Unfortunately, the results are not “consistent”. While there are plenty of uniquely identifiable <div>s, there are enough differences between runs that we have to be a bit generic in our selection of data elements to extract. I’ll leave the view-source: of a result as an exercise to the reader. For this example, we’ll focus on extracting:

the overall rating (A-F)
the “Certificate” score
the “Protocol Support” score
the “Key Exchange” score
the “Cipher Strength” score

There are plenty of additional fields to extract, but you should be able to extrapolate and grab what you want to from the rest of the example.

Extracting the results

We’ll need to delve into XPath to extract the <div> values. We’ll use the [[]] notation with xmlVAlue & xpathSApply function to perform these tasks. Since there sometimes is a <span> tag within the <div> for the rating and since the rating has a class tag to help identify which color it should be, we use a starts-with selection parameter to just get anything beginning with rating_. If it returns an R list structure, we know we have the one with a <span> element, so we re-issue the call with that extra XPath component.

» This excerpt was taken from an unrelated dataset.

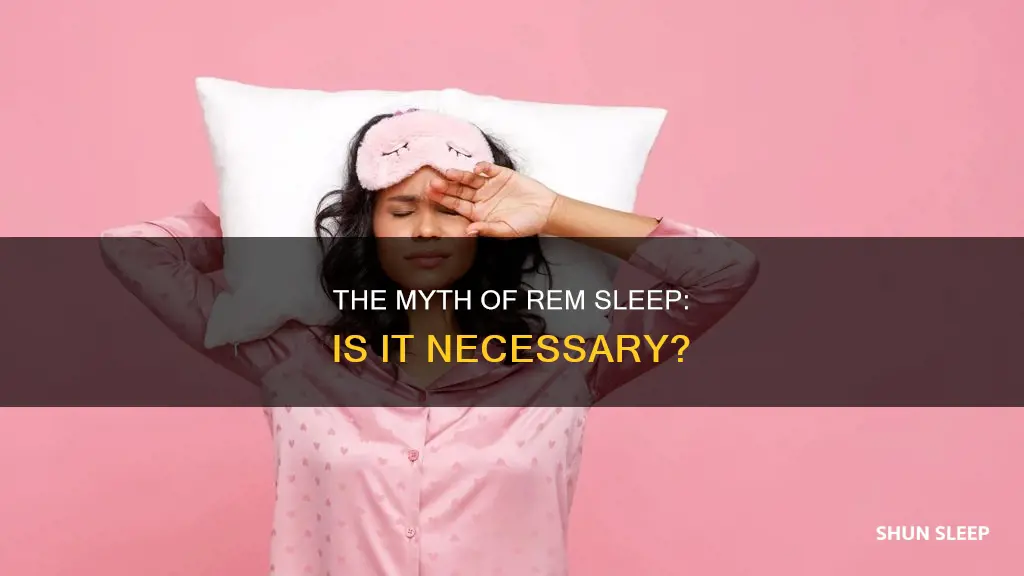 is rem sleep needed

rating <- xmlValue(x[["//div[starts-with(@class,'rating_')]/text()"]])
if (class(rating) == "list") {
  rating <- xmlValue(x[["//div[starts-with(@class,'rating_')]/span/text()"]])
}

For the four attributes (and values) we’ll be extracting, we can use the getNodeSet call which will give us all of them into a structure we can process with xpathSApply

labs <- getNodeSet(x,"//div[@class='chartBody']/div[@class='chartRow']/div[@class='chartLabel']")
vals <- getNodeSet(x,"//div[@class='chartBody']/div[@class='chartRow']/div[starts-with(@class,'chartValue')]")

# convert them to vectors

labs <- xpathSApply(labs[[1]], "//div[@class='chartLabel']/text()", xmlValue)
vals <- xpathSApply(vals[[1]], "//div[starts-with(@class,'chartValue')]/text()", xmlValue)

At this point, labs will be a vector of label names and vals will be the corresponding values. We’ll put them, the original domain and the IP address into a data frame:

# rbind will turn the vector into row elements, with each
# value being in a column

rating.result <- data.frame(site=site, ip=ip, 
                            rating=rating, rbind(vals), 
                            row.names=NULL)

# we use the labs vector as the column names (in the right spot)      
colnames(rating.result) <- c("site", "ip", "rating", 
                              gsub(" ", "\\.", labs))

and return the result:

return(rating.result)

Finishing up

If we run the whole function on one domain we’ll get a one-row data frame back as a result. If we use ldply from the plyr package to run the get_rating function repeatedly on a vector of domains, it will combine them all into one whole data frame. For example:

sites <- c("rud.is", "stackoverflow.com", "er-ant.com")
ratings <- ldply(sites, get_rating)
ratings
##                site              ip rating Certificate Protocol.Support Key.Exchange Cipher.Strength
## 1            rud.is  184.106.97.102      B         100               70           80              90
## 2 stackoverflow.com 198.252.206.140      A         100               90           80              90
## 3        er-ant.com            <NA>   <NA>        <NA>             <NA>         <NA>            <NA>

There are many tweaks you can make to this function to extract more data and perform additional processing. If you make some of your own changes, you’re encouraged to add to the gist (link above & below) and/or drop a note in the comments.

Hopefully you’ve seen how well-suited R is for this type of operation and have been encouraged to use it in your next attempt at some site/data scraping.